The data and label is like:

print(data)
print(data.shape)

tensor([[[0.0000, 0.0000, 1.0000, …, 0.0184, 0.0348, 0.0492],
[0.0000, 0.0000, 1.0000, …, 0.0442, 0.0363, 0.0250],
[0.0000, 0.0000, 1.0000, …, 0.0564, 0.0388, 0.0295],
…,
[1.0000, 0.9606, 0.8394, …, 0.0093, 0.0152, 0.0153],
[1.0000, 0.9524, 0.8419, …, 0.0091, 0.0151, 0.0160],
[1.0000, 0.9305, 0.8363, …, 0.0093, 0.0146, 0.0157]]])
torch.Size([1, 50, 200])

print(label)
print(label.shape)

tensor([ 178., 1878., 822., 1814., 1375., 2162., 1669., 2304., 2065., 2736.,
2528., 2780., 2836., 3008., 3396., 3490., 4013., 3518., nan, nan,
nan, nan, nan, nan, nan, nan, nan, nan, nan, nan,
nan, nan, nan, nan, nan, nan, nan, nan, nan, nan],
dtype=torch.float64)
torch.Size([40])

The full code would be:

# custom dataset  <- revised from "https://pytorch.org/tutorials/beginner/data_loading_tutorial.html"

import torch
from torch.utils.data import Dataset
import pandas as pd
import os
import segyio
import numpy as np

class cvspanel_dataset(Dataset):
    def __init__(self, csv_file, root_dir, transform=None):
        self.dv_label = pd.read_csv(csv_file)
        self.root_dir = root_dir
        self.transform = transform

    def __len__(self):
        return len(self.dv_label)

    def __getitem__(self, idx):
        if torch.is_tensor(idx):
            idx = idx.tolist()

        data_name = os.path.join(self.root_dir,
                                 self.dv_label.iloc[idx, 0])
        gth = segyio.open(data_name, ignore_geometry=True)
        data = gth.trace.raw[:]
        data = torch.tensor(data[:, :200])
        data = data.unsqueeze(0)
        arr = self.dv_label.iloc[idx, 1:]
        arr = np.asarray(arr)
        label = arr.astype('float').reshape(-1, 2)
        label = torch.tensor(label)
        label = label.view([-1, 1])
        label = label.squeeze()

        if self.transform:
            data = self.transform(data)
        if self.transform:
            label = self.transform(label)

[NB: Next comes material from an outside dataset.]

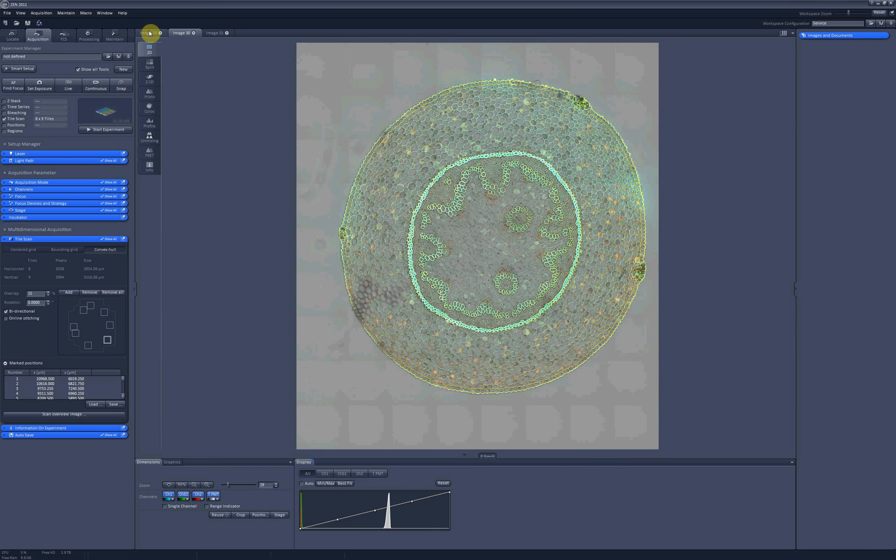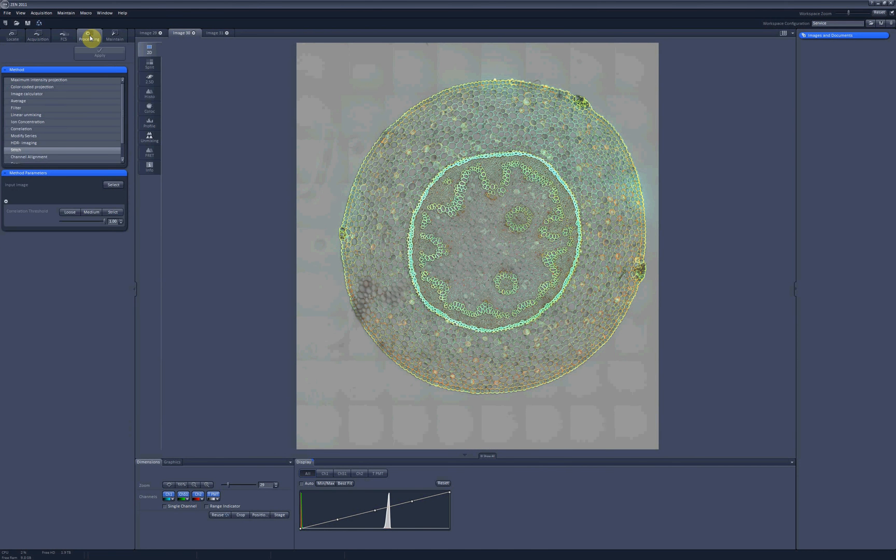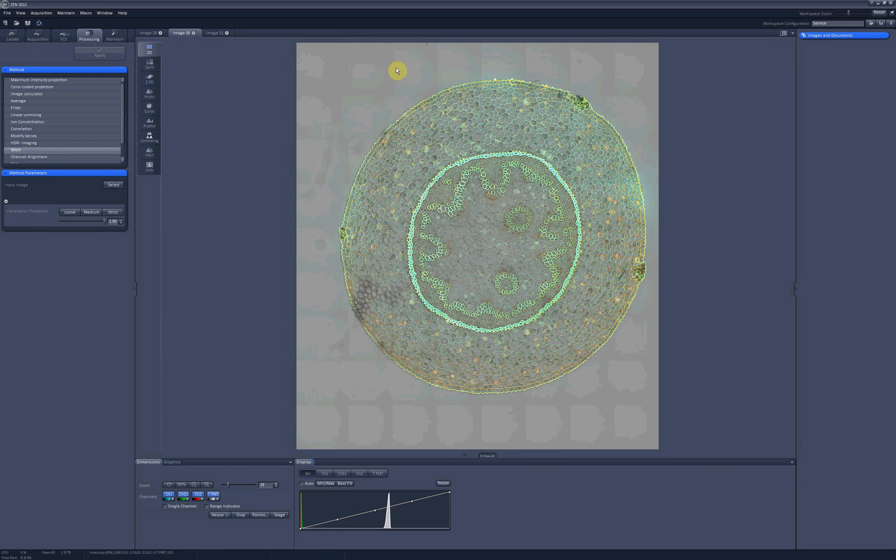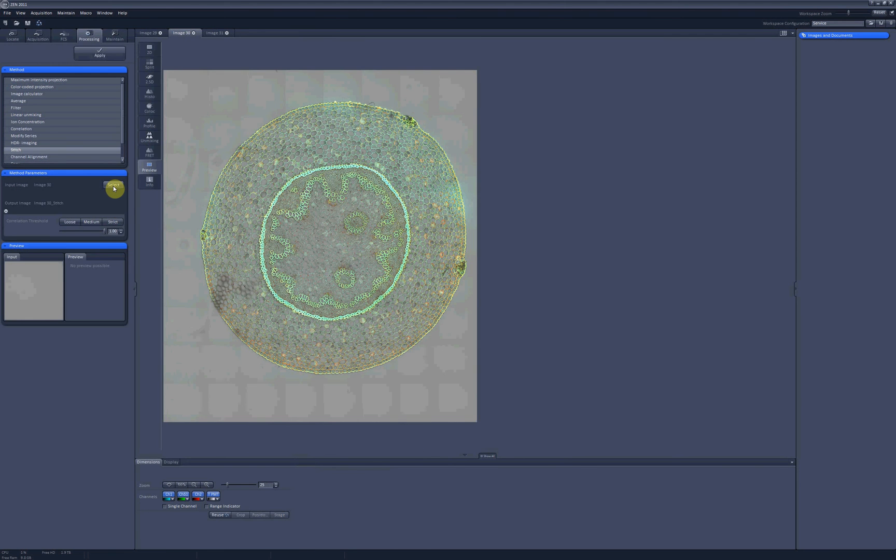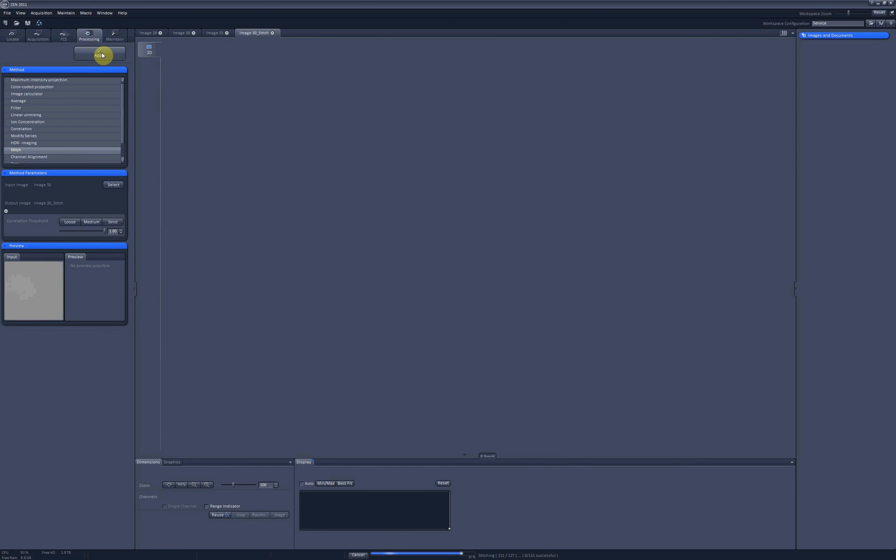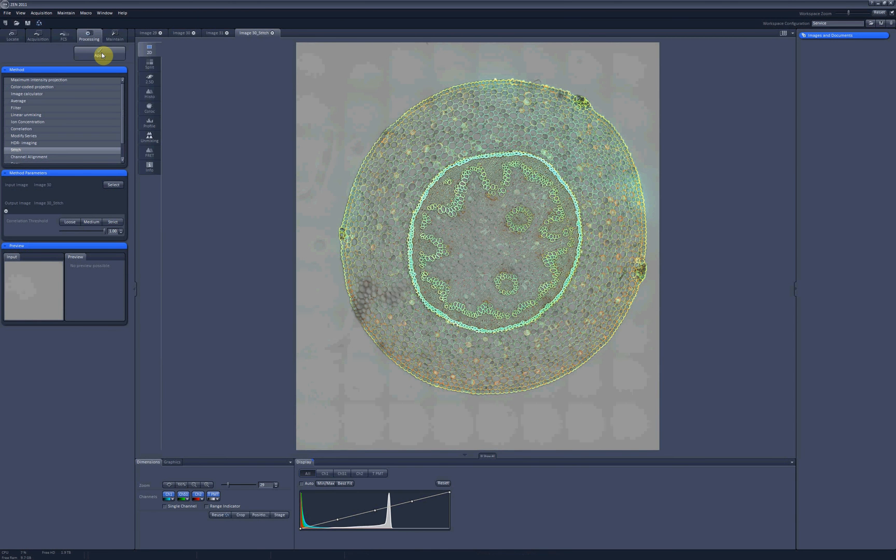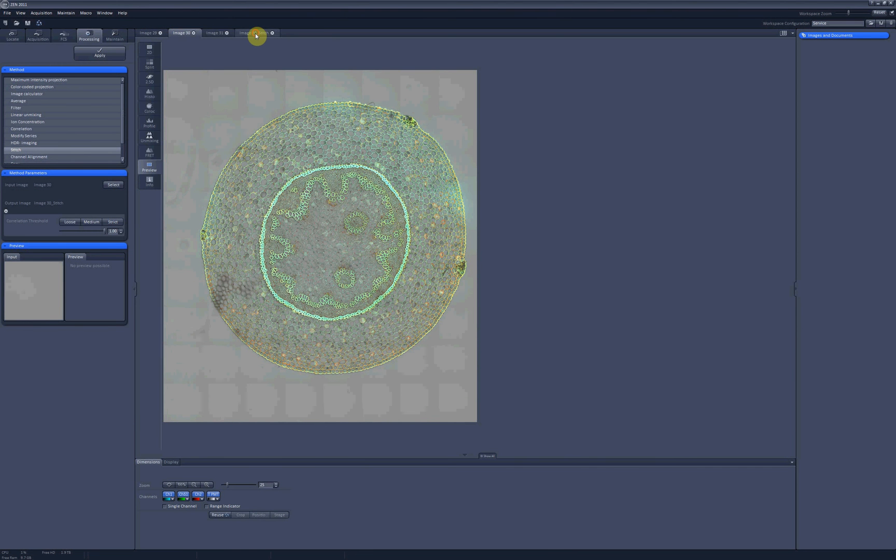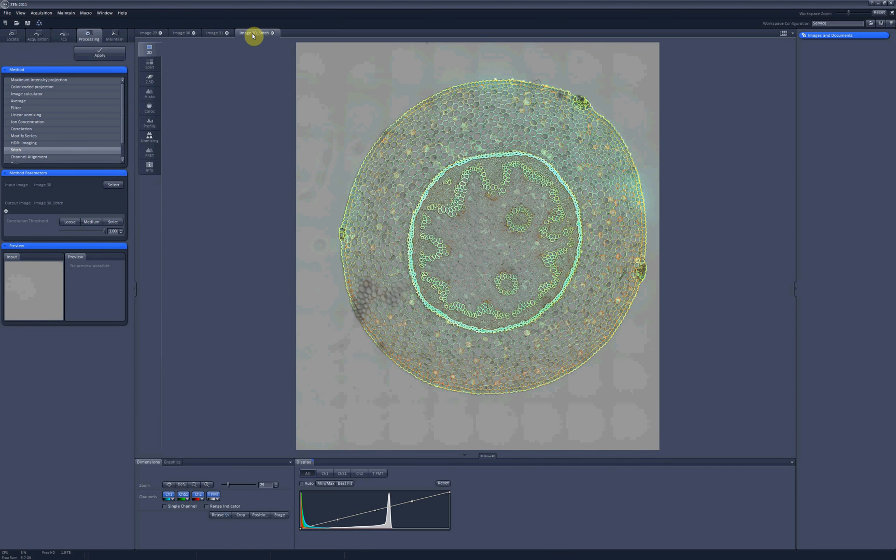When you are done with performing the tile scanning, you can go to the processing tab and select the stitch option. And then stitch your tiles together to get rid of these borders. So you select the image you want to stitch, you select how strict the stitching should be, and then you click on apply.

        return data, label

train_dataset = cvspanel_dataset(csv_file='/content/drive/MyDrive/Colab Notebooks/research_data/synthetic_1D/d-v_label.csv',
                                 root_dir='/content/drive/MyDrive/Colab Notebooks/research_data/synthetic_1D/sgy_cvs_panel',
                                 transform=None)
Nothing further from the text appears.